Para que la alegría fuese completa, súpose a cosa de las diez que el enemigo daba señales de vida. Algunos cañonazos empezaron a resonar hacia los Reductos Francisco de Asís e Isabel II, y poco después se empezó un vivo fuego de fusilería.
Los moros, en número de siete u ocho mil, habían amagado nuestra derecha y nuestra izquierda, para formalizar el ataque por el centro... Pero el general Gasset y el brigadier Lasaussaye los rechazaron por la derecha con fuerzas del PRIMER CUERPO, especialmente con los Cazadores de Barbastro, que dieron una brillante carga a la bayoneta, apoyados por los batallones de las Navas, de Chiclana y de Borbón... Al mismo tiempo, nuestro cuerpo de ejército los castigaba y hacía huir por la izquierda, distinguiéndose en esta operación el general D. Jenaro Quesada y el brigadier Otero, con los batallones 2.º del Infante y 1.º de San Fernando... Y en cuanto al ataque del centro, fue rechazado por la artillería; por los cazadores de Mérida, que estuvieron heroicos; por los carabineros de infantería de la escolta de O'Donnell, y, últimamente por una furiosa carga a la bayoneta de los cazadores de Simancas.
Alejáronse, pues, los marroquíes, como siempre, castigados, pero no arrepentidos, sin haber logrado adelantar una línea de terreno ni hacernos retroceder un solo paso. ¡Sin embargo, volverán!

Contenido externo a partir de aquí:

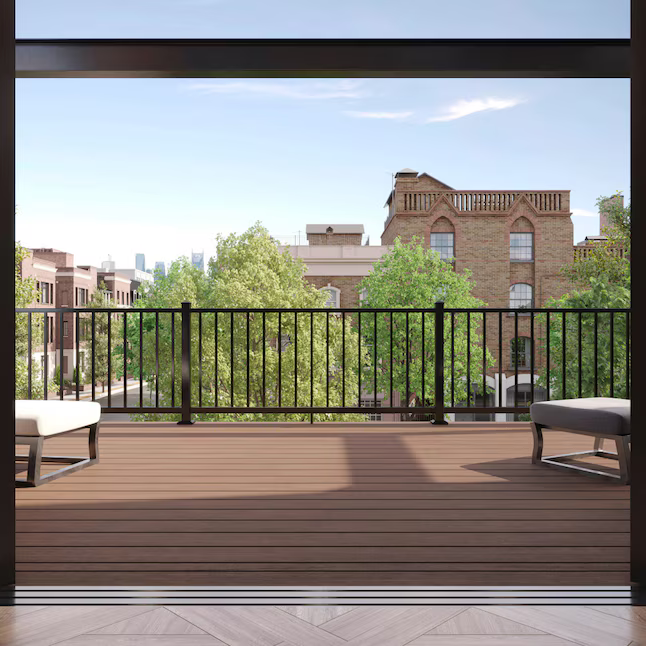 Trex Select Whiskey Barrel 1"x8"x12 ft. Fascia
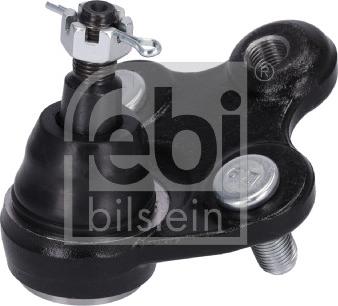 Febi Bilstein 178336 - Шаровая опора, несущий / направляющий шарнир autospares.lv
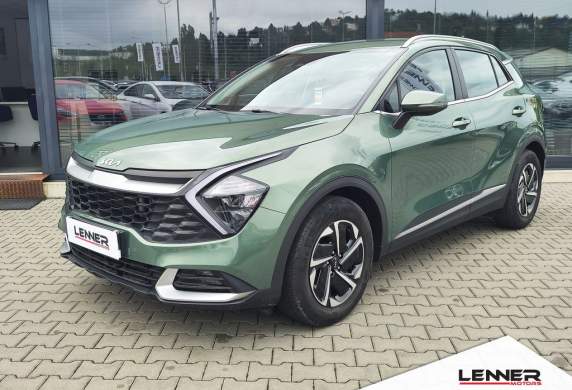 Kia - Sportage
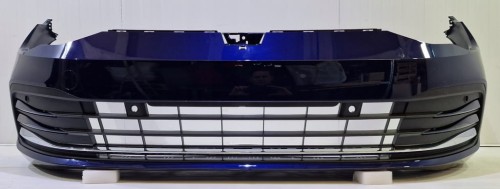 VW GOLF 8 VIII 6PDC LC5B ZDERZAK PRZÓD PRZEDNI CHROM 5H0807221J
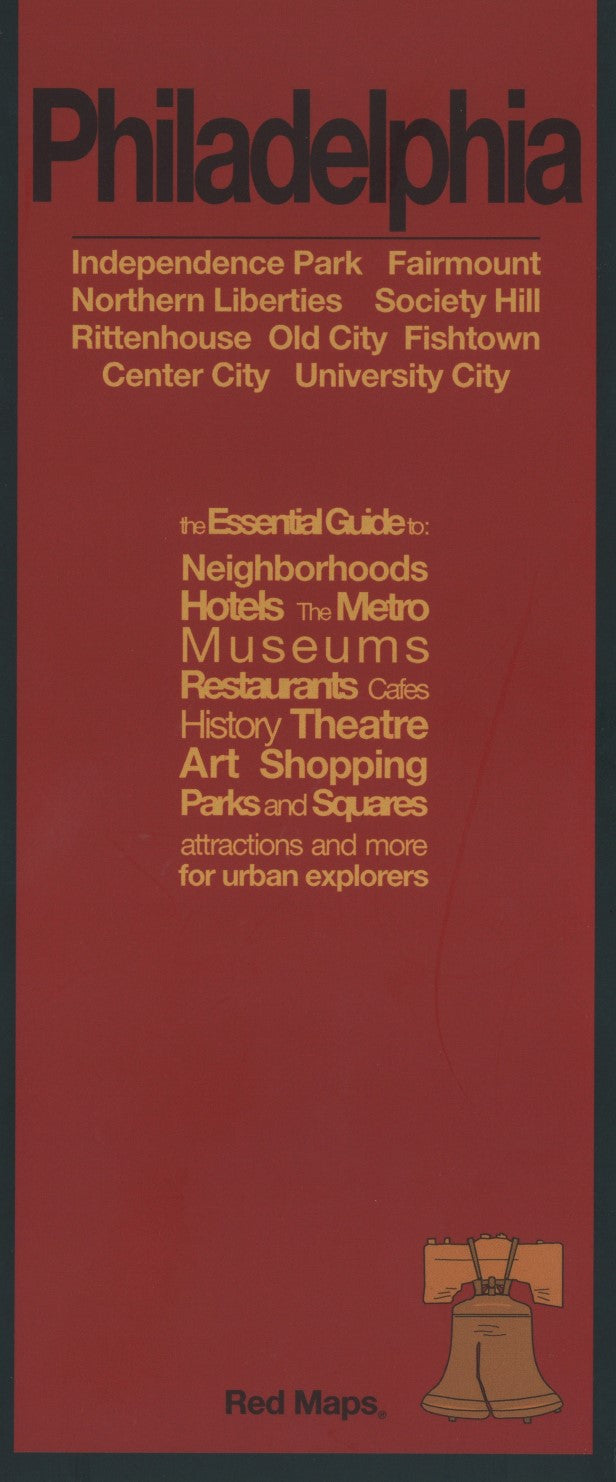 Philadelphia City Map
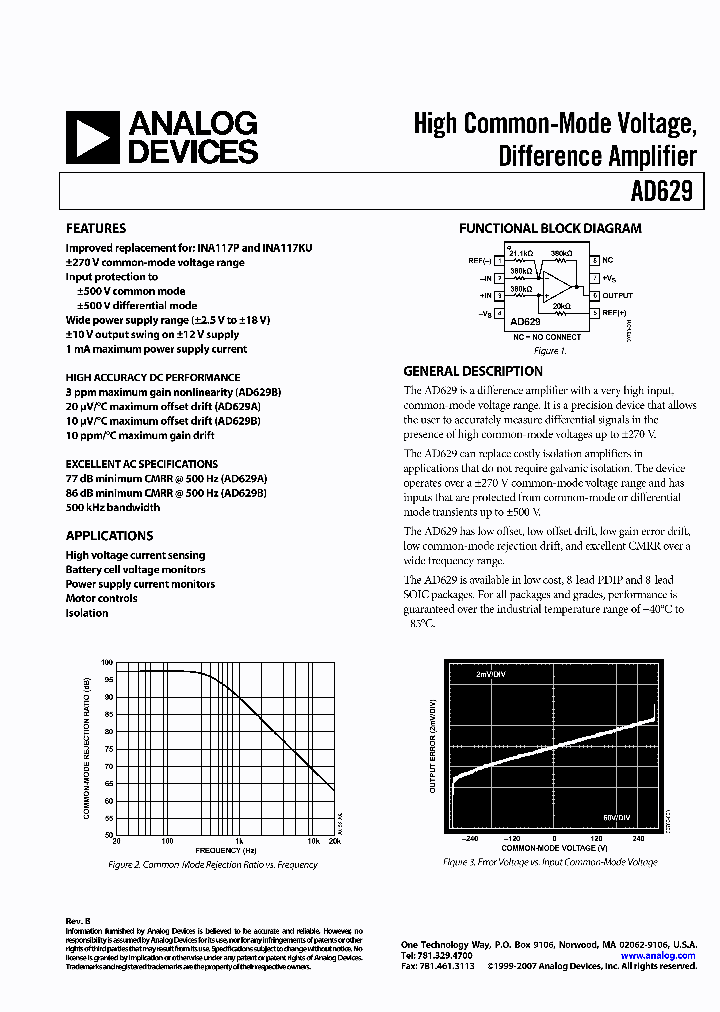 AD629-EVAL_1917554.PDF Datasheet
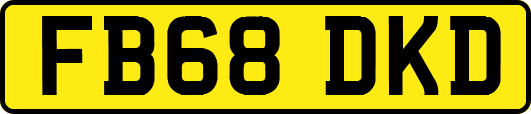 FB68DKD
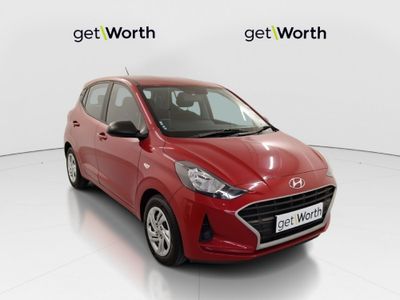 2023 Hyundai Grand i10 1.0 Motion Auto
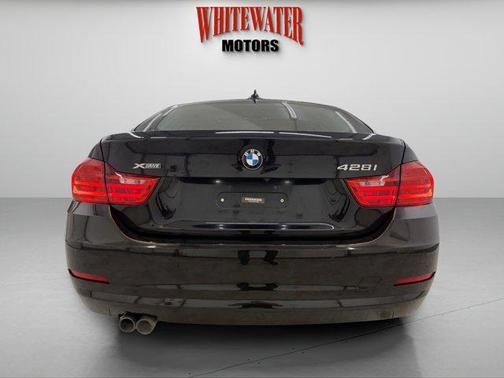 2015 BMW 428 Gran Coupe i xDrive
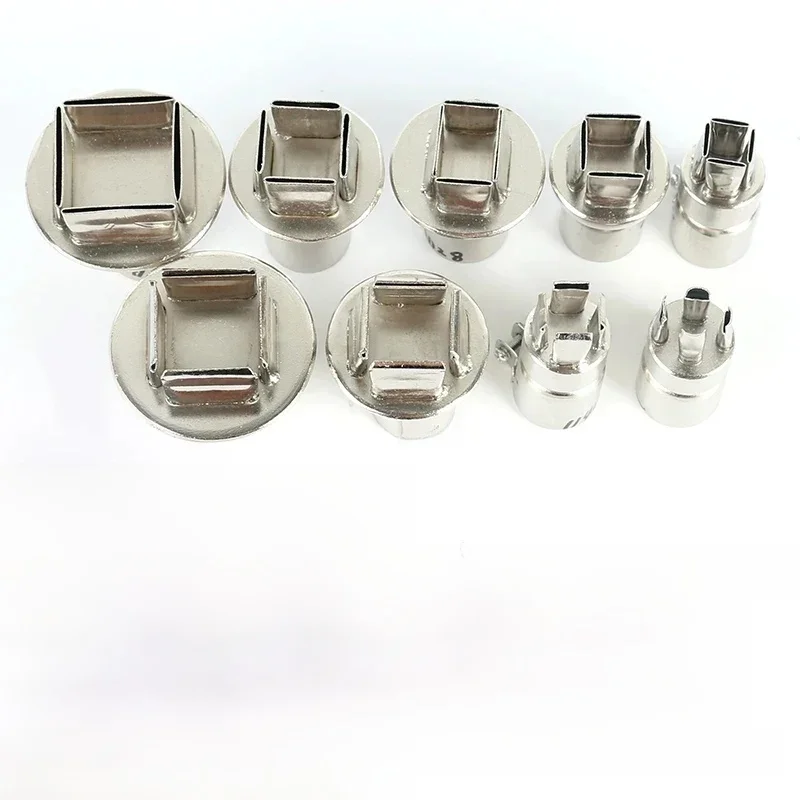 A1135B-A1139B PLCC serii A1125B-A1129B QFP serii 850 852 852D 853 853D 863D SMD BGA dyszy do gorącego wiatrówka stacja lutownicza wylutowywania stacji — zdjęcie 2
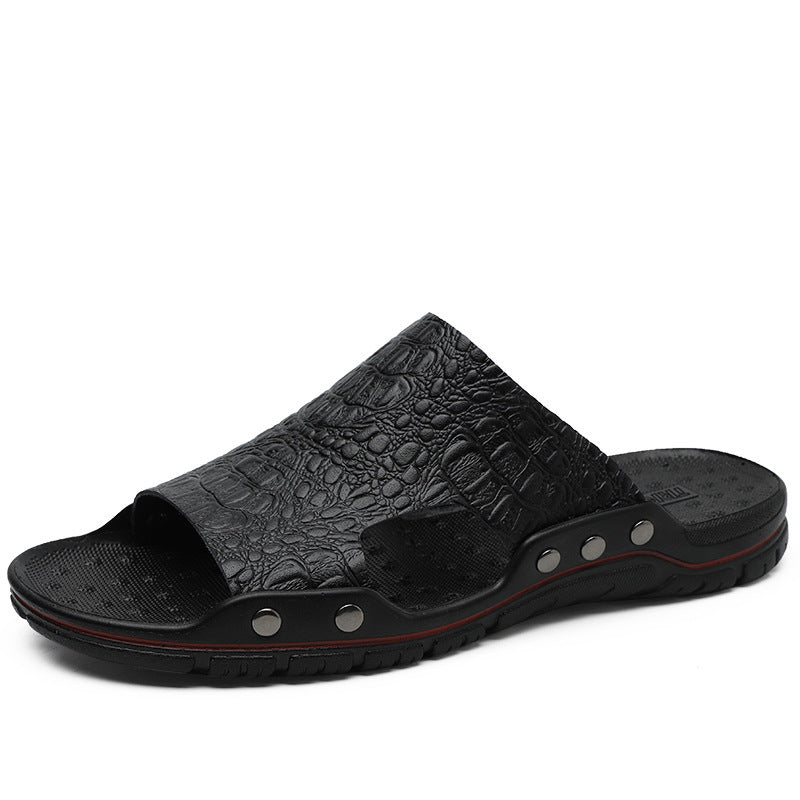 Vionnet Large All-Match Beach Sandals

Yo tengo para mí que esos hombres, al venir a hostilizarnos, no traen la esperanza de vencernos. Ellos deben de saber que son impotentes contra nosotros, y que ni recobrarán por la fuerza el territorio que les arrebatamos, ni estorbarán nuestra marcha, ni quebrantarán nuestra decisión. Nueve combates sucesivos, en que siempre han sido deshechos o rechazados, bastaban ya, para convencerles de esta verdad. ¡Y, con todo, han venido hoy! Esto me prueba que esa raza fanática combate por placer o por devoción: no con ilusiones patrióticas ni con plan de campaña, sino porque lo creen su necesidad, su obligación o su destino. Diríase que su fe les trae a nuestro campo quemar pólvora en honor a su Dios, como nosotros quemamos incienso en los altares. Así se explica que vayan pasando ante nuestro ojos tribus y tribus, hambrientas y medio desnudas, independientes de toda autoridad, libres de toda coacción, y que unas tras otras se acerquen a nuestra línea, sin reparar en la naturaleza de nuestras posiciones ni en el alcance de nuestras piezas, y disparen su espingarda, y mueran en seguida sobre el mismo terreno que el día anterior regaron otros con su sangre.
Y si tampoco es esto, ¡digo que esas gentes son más aficionadas a matar que las fieras a sus montañas!
(...) Diario de un testigo de la guerra de Africa De Pedro Antonio de Alarcón.